โHad we not better,โ said Brown, โdismount, and leave him to his fate; or can you not urge him through the swamp?โ
โNa, na,โ said his pilot, โwe maun cross Dumple at no rate, he has mair sense than mony a Christian.โ So saying, he relaxed the reins, and shook them loosely. โCome now, lad, take your ain way oโt, letโs see where yeโll take us through.โ
Dumple, left to the freedom of his own will, trotted briskly to another part of the latch, less promising, as Brown thought, in appearance, but which the animalโs sagacity or experience recommended as the safer of the two, and where, plunging in, he attained the other side with little difficulty.

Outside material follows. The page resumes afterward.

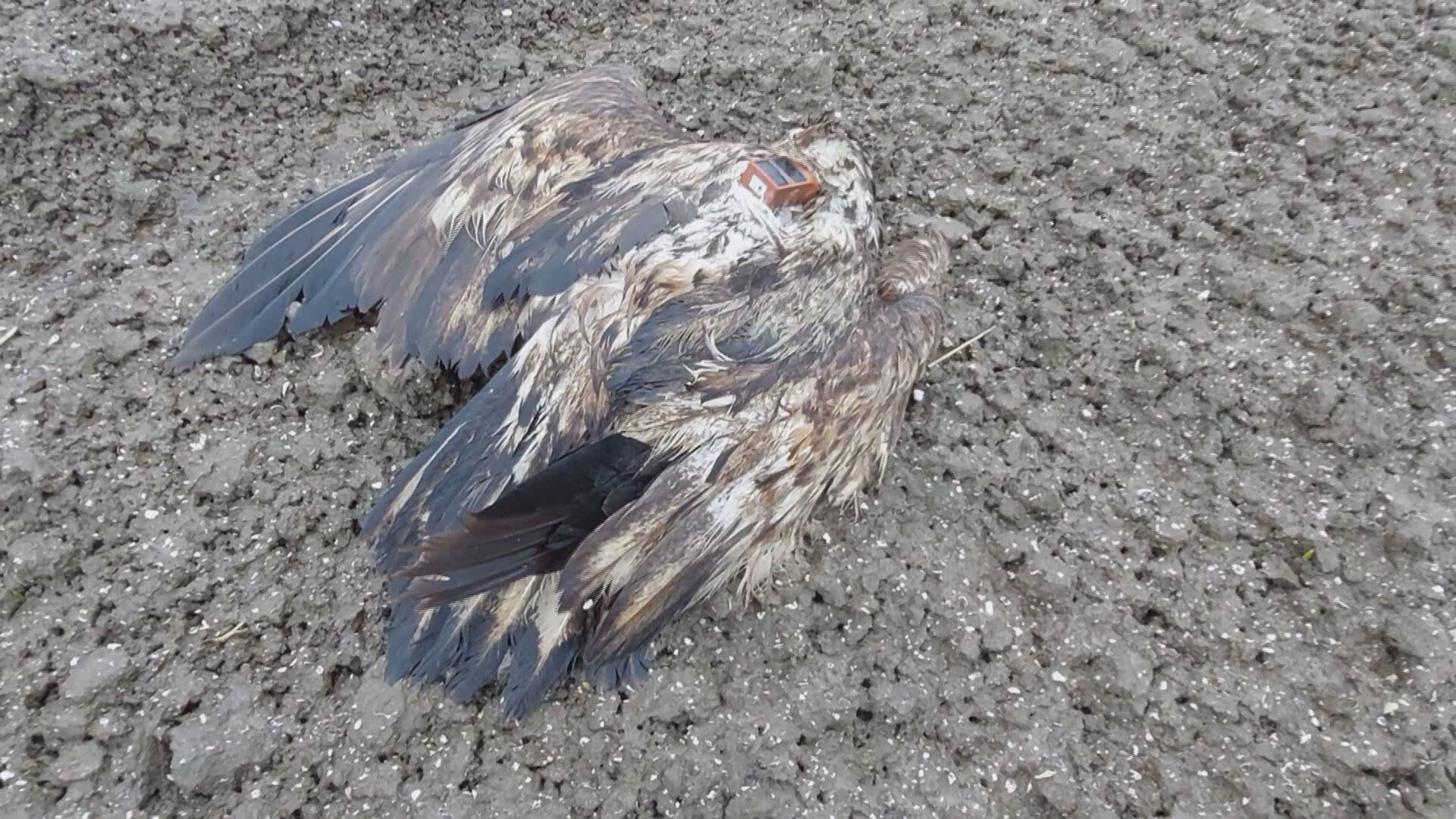 Zeldzame zeearend overlijdt na botsing met Flevolandse windturbine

โIโm glad weโre out oโ that moss,โ said Dinmont, โwhere thereโs mair stables for horses than change-houses for men; we have the Maiden-way to help us now, at ony rate.โ Accordingly, they speedily gained a sort of rugged causeway so called, being the remains of an old Roman road which traverses these wild regions in a due northerly direction. Here they got on at the rate of nine or ten miles an hour, Dumple seeking no other respite than what arose from changing his pace from canter to trot. โI could gar him show mair action,โ said his master, โbut we are twa lang-legged chields after aโ, and it would be a pity to stress Dumple; there wasna the like oโ him at Staneshiebank Fair the day.โ
Brown readily assented to the propriety of sparing the horse, and added that, as they were now far out of the reach of the rogues, he thought Mr. Dintnont had better tie a handkerchief round his head, for fear of the cold frosty air aggravating the wound.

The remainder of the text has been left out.